England now know exactly when their World Cup 2026 begins. Thomas Tuchel’s side will open against Croatia on 17 June in Dallas, then face Ghana on 23 June in Boston before finishing the group stage against Panama on 27 June in New York/New Jersey.
For supporters, that turns a broad summer target into three fixed dates. The first match kicks off at 3pm local time in Dallas, which means 9pm BST and 6am AEST, with the Ghana game set for 4pm local time in Boston and the Panama meeting listed for 5pm local time in New York/New Jersey. Those details matter because the tournament does not begin until 11 June, so England’s schedule is now the part fans can actually plan around.
The fixtures also show what England are being asked to do early. They have been placed across three different North American cities on consecutive matchdays, which leaves no room for drift and no time for recovery beyond the standard tournament rhythm.
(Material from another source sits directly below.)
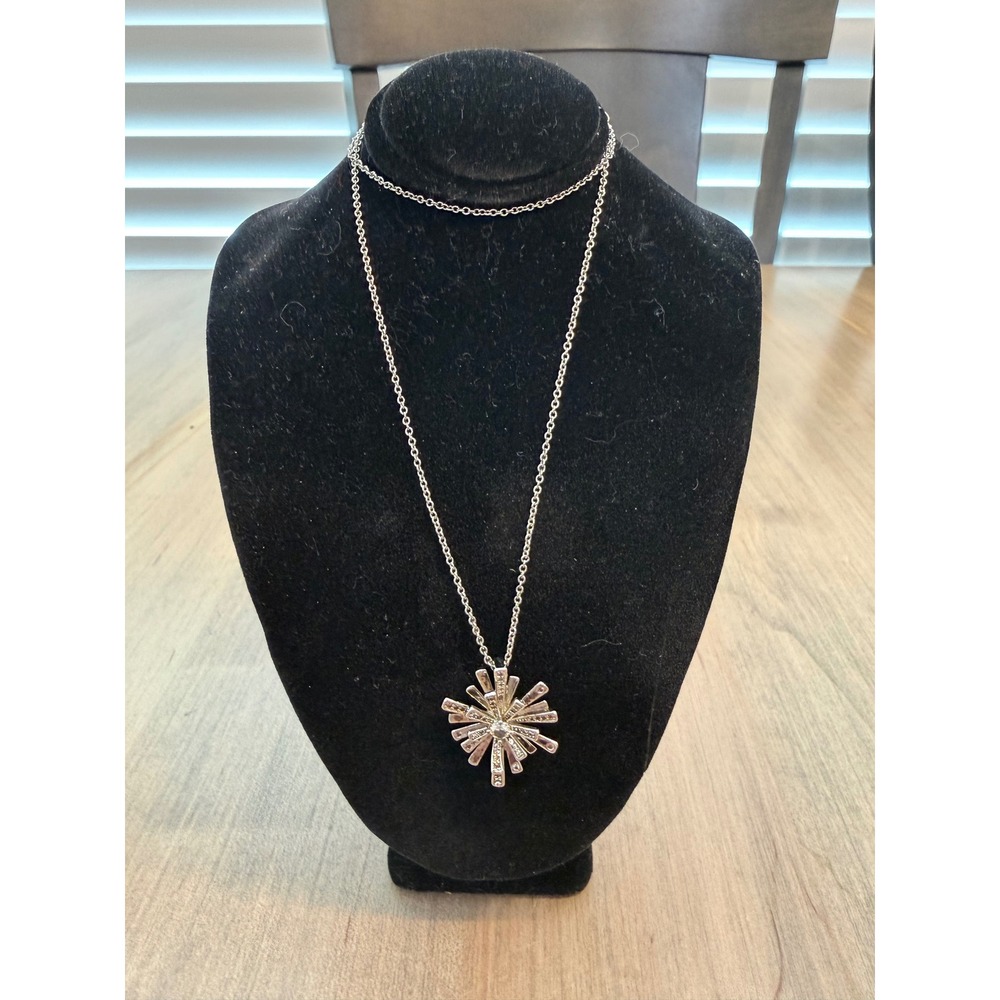 Boho Sunburst Pendant Necklace Women Silver Rhinestone Celestial Star Y2K Cosmic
Tuchel has already said the aim is “to try and put a second star on the shirt”, but he has also warned that England cannot be treated as one of the favourites because they have not won the World Cup for so long.
That warning sits beside a squad picture that is still being shaped. Tuchel left Phil Foden, Cole Palmer and Trent Alexander-Arnold out of his group and included Ivan Toney instead, a reminder that selection is being driven by fit and function rather than reputation alone. Jude Bellingham, who was among the players to impress in warm-up wins over New Zealand and Costa Rica in Florida, is the clearest example of the balancing act Tuchel now faces: England need his authority, but they also need a structure that works against stronger opposition than they saw in qualifying.
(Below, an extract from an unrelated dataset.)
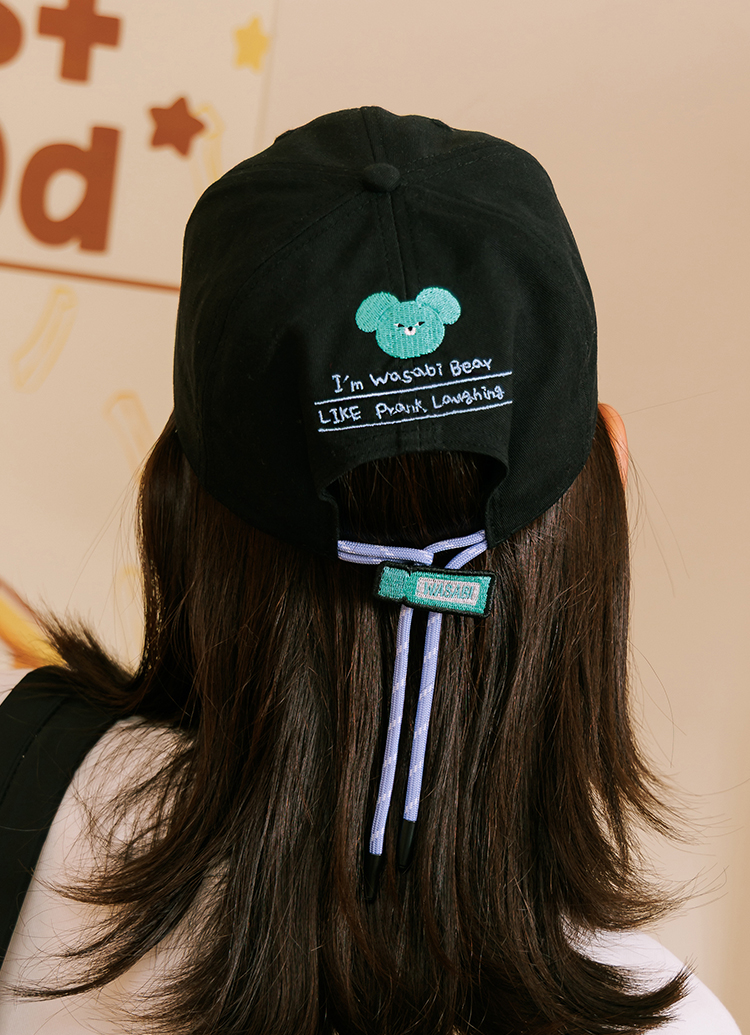 GraceGift Wasabi Bear 芥末熊 拉繩調節電繡棒球帽 黑色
That is the real measure of this draw. England cruised through qualifying with eight wins from eight, scoring 22 goals and conceding none, yet the summer will be judged on what happens once the group stage starts to harden into knockout football. Tuchel, in his first international role, has extended his contract through Euro 2028, but the immediate task is much narrower than long-term planning. England’s next confirmed step is simple enough: Croatia in Dallas on 17 June, the first test of whether the easy numbers from qualifying can survive the stage that matters most.